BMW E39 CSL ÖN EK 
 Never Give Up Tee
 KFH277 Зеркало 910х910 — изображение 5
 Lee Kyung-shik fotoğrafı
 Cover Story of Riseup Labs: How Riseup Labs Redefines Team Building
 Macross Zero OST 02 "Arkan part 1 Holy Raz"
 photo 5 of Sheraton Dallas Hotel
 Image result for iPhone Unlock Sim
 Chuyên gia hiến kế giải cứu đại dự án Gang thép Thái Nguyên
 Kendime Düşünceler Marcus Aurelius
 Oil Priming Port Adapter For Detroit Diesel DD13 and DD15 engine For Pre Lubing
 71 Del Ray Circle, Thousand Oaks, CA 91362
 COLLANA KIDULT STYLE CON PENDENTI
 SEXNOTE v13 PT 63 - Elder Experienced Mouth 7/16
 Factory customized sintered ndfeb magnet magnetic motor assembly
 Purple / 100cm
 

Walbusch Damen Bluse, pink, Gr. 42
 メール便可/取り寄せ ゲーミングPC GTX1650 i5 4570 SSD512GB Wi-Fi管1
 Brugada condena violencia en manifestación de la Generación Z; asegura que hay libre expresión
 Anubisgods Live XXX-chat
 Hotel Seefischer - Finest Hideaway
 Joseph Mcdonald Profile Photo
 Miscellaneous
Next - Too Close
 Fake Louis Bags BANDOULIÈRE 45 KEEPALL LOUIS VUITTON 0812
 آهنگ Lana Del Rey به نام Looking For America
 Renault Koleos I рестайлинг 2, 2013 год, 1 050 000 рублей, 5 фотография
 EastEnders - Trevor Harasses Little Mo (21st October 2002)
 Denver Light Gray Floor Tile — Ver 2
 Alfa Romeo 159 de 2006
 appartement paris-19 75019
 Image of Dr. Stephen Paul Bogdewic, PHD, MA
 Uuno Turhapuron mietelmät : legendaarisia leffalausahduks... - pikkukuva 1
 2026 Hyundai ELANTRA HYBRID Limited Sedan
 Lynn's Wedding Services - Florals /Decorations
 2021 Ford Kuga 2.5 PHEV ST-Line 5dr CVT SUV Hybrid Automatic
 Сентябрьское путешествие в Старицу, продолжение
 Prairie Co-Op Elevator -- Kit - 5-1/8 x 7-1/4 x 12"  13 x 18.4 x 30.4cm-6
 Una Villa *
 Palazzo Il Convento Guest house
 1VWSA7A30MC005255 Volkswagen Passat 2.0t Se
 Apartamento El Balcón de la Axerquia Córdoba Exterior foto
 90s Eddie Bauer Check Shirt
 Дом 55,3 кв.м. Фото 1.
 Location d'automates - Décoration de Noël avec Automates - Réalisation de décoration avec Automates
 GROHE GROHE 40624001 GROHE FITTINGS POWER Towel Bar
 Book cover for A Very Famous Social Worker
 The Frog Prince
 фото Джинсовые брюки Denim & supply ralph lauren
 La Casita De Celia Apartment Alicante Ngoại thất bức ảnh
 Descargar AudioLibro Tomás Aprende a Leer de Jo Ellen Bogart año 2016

### TASK DETAILS
Which of the lines in the material above contain "Image"? Copy each one out.

### RESPONSE AREA
 Image result for iPhone Unlock Sim
 Image of Dr. Stephen Paul Bogdewic, PHD, MA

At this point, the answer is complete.